Pour une raison inconnue, le projet d'évasion aurait été abandonné, et la surveillante aurait inventé cette histoire de découverte fortuite. Un autre détenu affirme avoir filmé avec son téléphone portable Delphine Pader remettre son sac à dos qu'elle utilisait tous les jours au fameux détenu. C'est dans ce contexte, après six mois d'enquête, et après 96 heures de garde à vue, qu'une juge d'instruction de Douai met en examen la surveillante. Le détenu, qui a remis les explosifs, obtient lui une remise de peine justement pour avoir donné le sachet.
Son contrôle judiciaire lui interdit d'exercer son métier de surveillante pénitentiaire. "Ce métier, c'était un sacerdoce pour elle, son monde s'est écroulé", souffle Jérôme Pader.
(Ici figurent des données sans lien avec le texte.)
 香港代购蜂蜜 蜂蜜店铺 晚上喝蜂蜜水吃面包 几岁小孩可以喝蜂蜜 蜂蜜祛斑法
La justice lui interdit aussi d'entrer en contact avec ses anciens collègues, qui au fil des ans, étaient devenus des amis. "Elle s'est retrouvée totalement isolée", poursuit son mari.
Une grève de la faim
Delphine Pader, qui est seule à être mise en examen dans ce dossier, nie toute implication et tente de plaider sa bonne foi. Rien dans les premiers éléments de l'enquête ne permet d'établir une complicité interne dans la découverte du sachet d'explosif. Le téléphone du détenu qui affirme avoir filmé la surveillante est saisi dès 2018, mais n'est pas analysé. "La justice a laissé peser cet élément-là contre elle pour maintenir sa mise en examen", estime Me Damien Legrand.
L'instruction est interminable, la surveillante enchaîne les demandes d'actes. Delphine Pader fait plusieurs tentatives de suicide. "Ce n'est pas normal de laisser un dossier sans y toucher pendant quatre ans", martèle son mari. En février dernier, elle entame une grève de la faim. Son avocat le fait savoir à la juge d'instruction. "Elle ne voyait plus que cette solution pour faire bouger les choses, c'est quand même dramatique qu'il ait fallu qu'elle fasse cette grève pour que les choses avancent", dénonce avec colère Jérôme Pader.
La surveillante demande à être confrontée au détenu. Cette confrontation n'est intervenue qu'en mai dernier après une grève de la faim entamée par la quinquagénaire. Le détenu la dédouane.
Un téléphone analysé 4 ans plus tard
Le téléphone de l'autre détenu va aussi être analysé quatre ans plus tard. L'expert est catégorique: il n'y a jamais eu de vidéo enregistré avec l'appareil. Le contrôle judiciaire de Delphine Pader est levé mais la juge considère qu'il existe toujours des éléments à charge contre elle. "La justice n'a pas voulu la lâcher", déplore Me Damien Legrand. Le 31 juillet, elle avale une boîte de somnifère. Elle a laissé plusieurs lettres, dont une à son fils de 19 ans, dans laquelle elle confie son ras-le-bol d'être considérée comme une criminelle.
"Aujourd'hui, nous voulons que Delphine soit rétablie dans son honneur, nous voulons que l'on dise que la justice a fait fausse route", conclut avec amertume son mari.